Em sua justificativa para derrubar os vetos do presidente Temer no Art. 118 e respectivos parágrafos, Orlando Silva afirma que objetiva instituir o que “popularmente se denomina por ‘anistia’ aos imigrantes que buscam residência permanente em nosso país e que tenham  ingressado no território nacional até a data de início de vigência desta Lei.”

Sorrateiramente, o deputado ainda incluiu algumas modificações e acréscimos não previstos em dispositivos da Lei de Migração para ampliar o apoio à regularização da imigração em massa  para o Brasil.

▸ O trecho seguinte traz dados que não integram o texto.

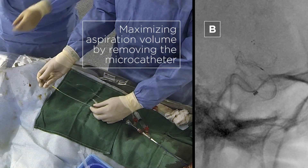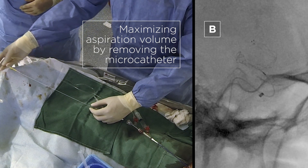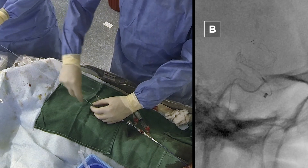We always try to remove the micro catheter, as described in the bare wire technique, to create more volume in the aspiration catheter for aspiration. The idea is to maximize your aspiration volume — that's why you remove the micro catheter. A question that sometimes comes up is whether removing the micro catheter causes dislocation of the stent retriever. Personally, this has never been a problem, so it's not really an issue. Removing the micro catheter with the stent retriever in place maximizes the suction force of the aspiration catheter, especially with big clots and long stent retrievers.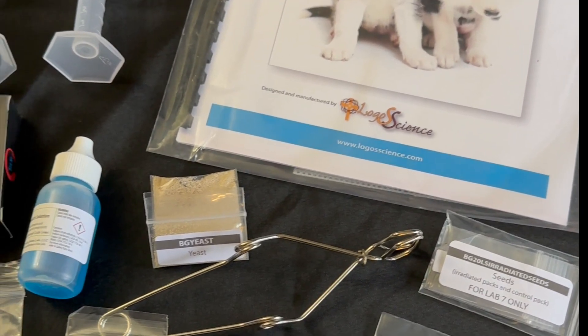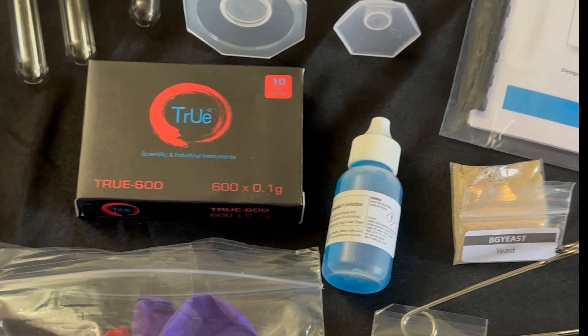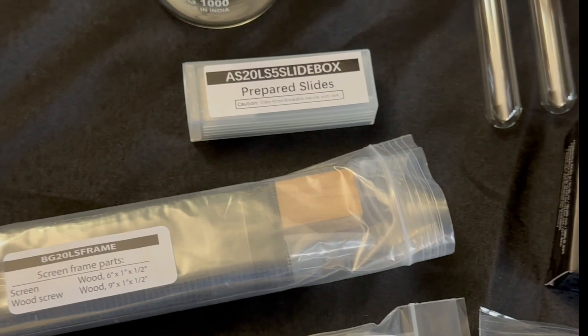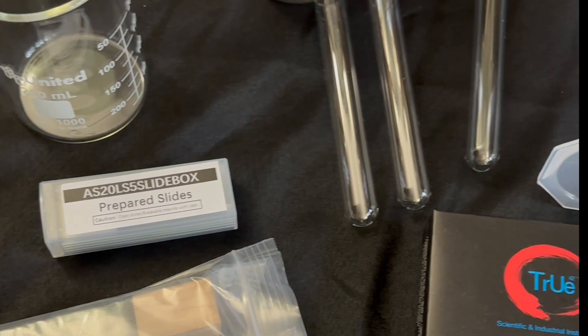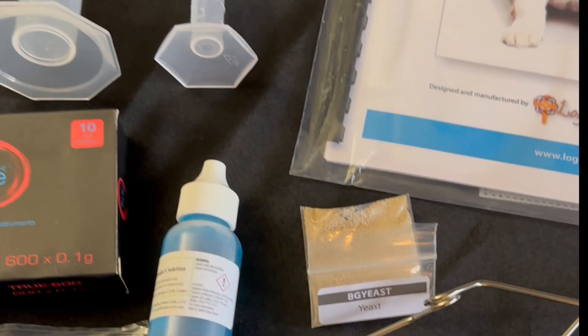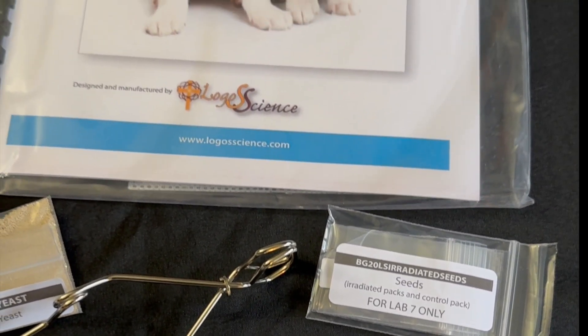When you open your science kit, you will find most of the items packaged and labeled to make them easier to find. You will also find a list of supplies needed. Most of these are easily found in your household or your school supplies.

Exemplo de tal fato pode ser encontrado no parágrafo 3° do Art. 118, que estipulava:

§ 3 o   O imigrante com processo de regularização migratória em tramitação poderá optar por ser beneficiado por esta Lei.

Com a proposta de modificação de Orlando  Silva, o parágrafo vetado acima comentado passa a ter a seguinte redação:

§ 3º O imigrante com processo de regularização migratória em tramitação poderá optar por ser beneficiado por esta Lei, assim como o solicitante de refúgio que manifestadamente expressar sua opção pela solução migratória prevista no caput deste artigo.

A iniciativa do deputado – que não encontra qualquer respaldo popular – representa um perigo para a segurança nacional, pois, tenta revalidar dispositivos que o próprio governo reconheceu como temerários, sendo certo que tais dispositivos facilitarão o processo de imigração em massa de imigrantes sem que o país tenha a mínima infraestrutura para recebê-los e mesmo para combater o extremismo islâmico causador de milhares de atentados terroristas em todo mundo.

Propor leis que visam apenas suposto “auxílio humanitário” num período em que o Ocidente “fecha fronteiras” e “reforça a segurança nacional” para coibir o terrorismo islâmico  é um ato de traição à nação brasileira e atentado ao estado de direito.